_About this exercise_: Would you copy the lines below exactly and omit the images?

_Supplied data_:
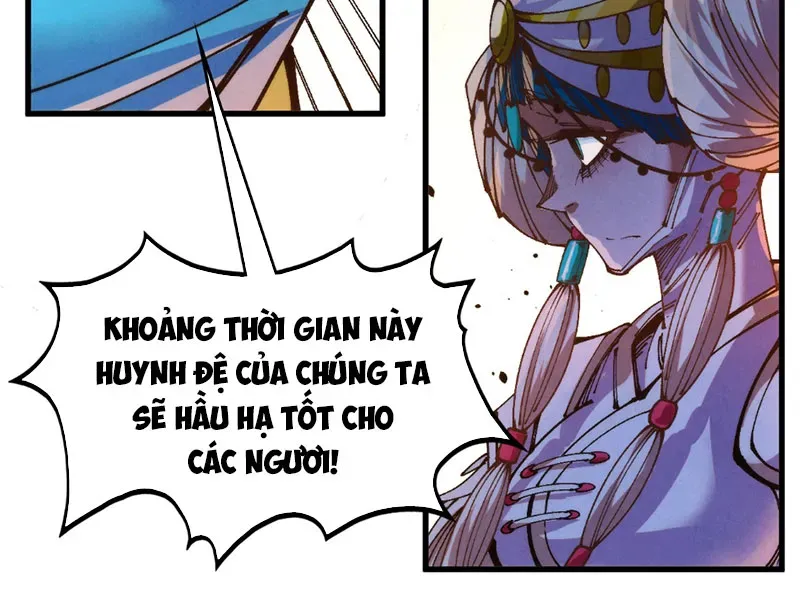 Vạn Cổ Chí Tôn Vạn Cổ Chí Tôn – Chương 520 - Trang 116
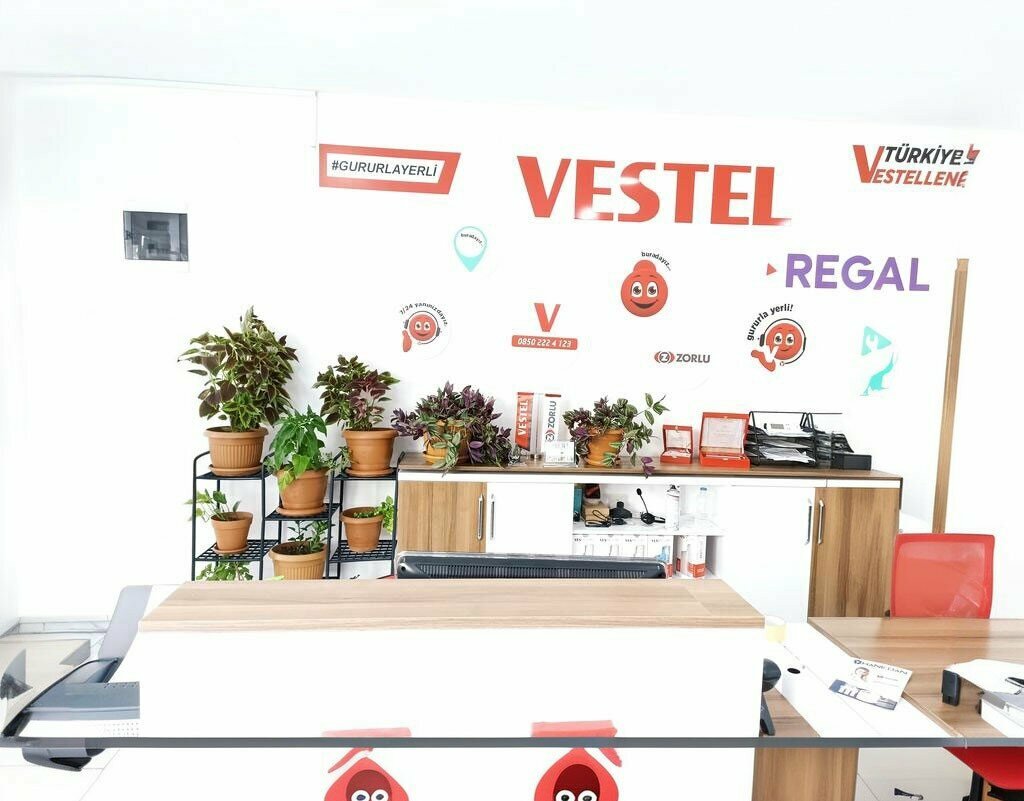 Appliance repair Vestel Authorized Service - Bismil - Basar Technical, Bismil, photo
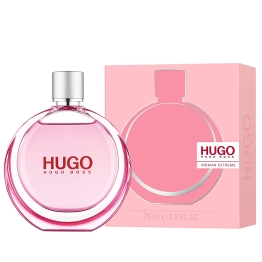 Hugo Boss Woman Extreme Eau De Parfum 75ml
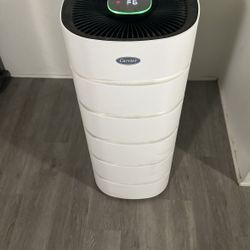 Carrier Air Purifier XL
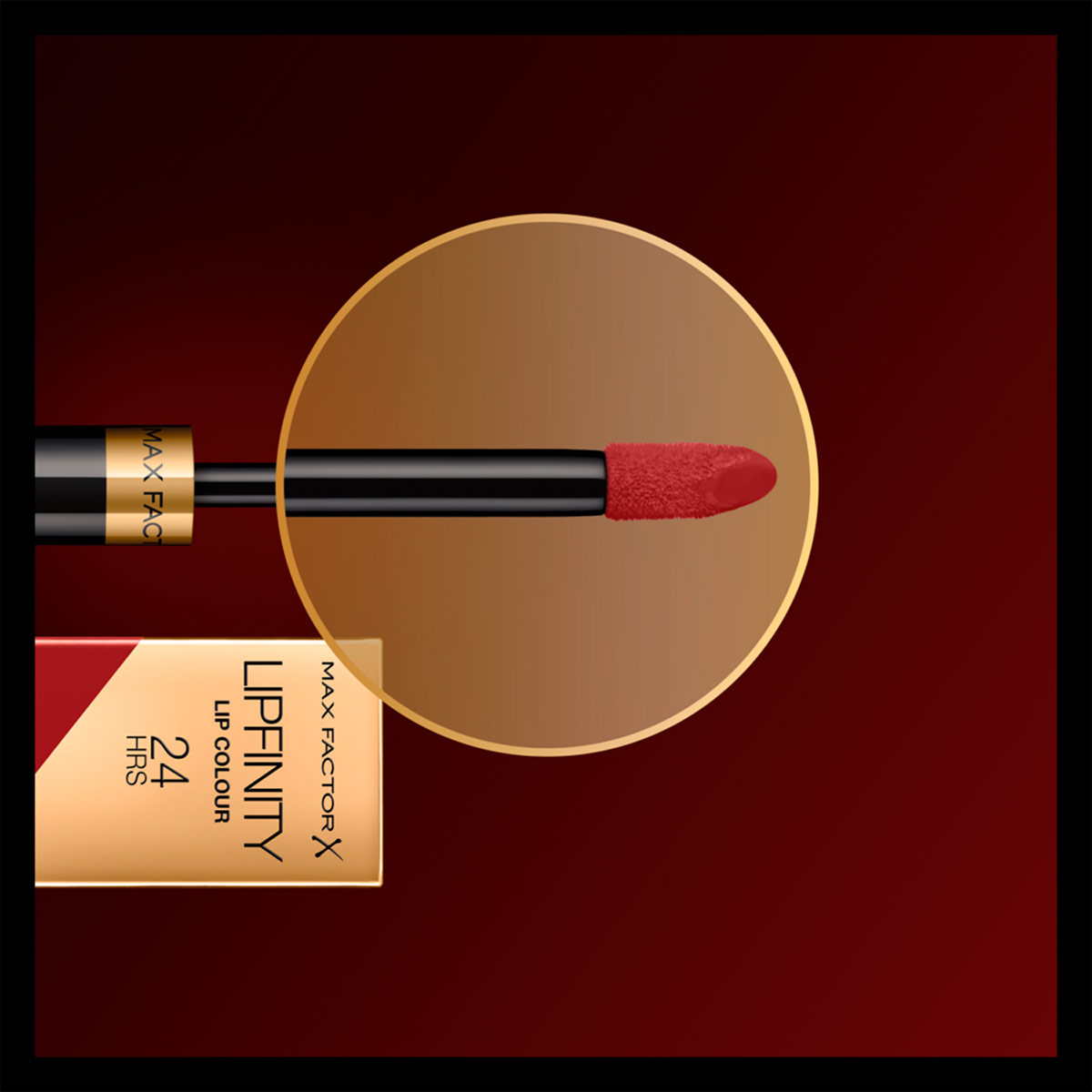 PACK DÚO LABIAL MAX FACTOR LIPFINITY PASSIONATE+SPICY - 10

_Answer to this problem_:
 Vạn Cổ Chí Tôn Vạn Cổ Chí Tôn – Chương 520 - Trang 116
 Appliance repair Vestel Authorized Service - Bismil - Basar Technical, Bismil, photo
 Hugo Boss Woman Extreme Eau De Parfum 75ml
 Carrier Air Purifier XL
 PACK DÚO LABIAL MAX FACTOR LIPFINITY PASSIONATE+SPICY - 10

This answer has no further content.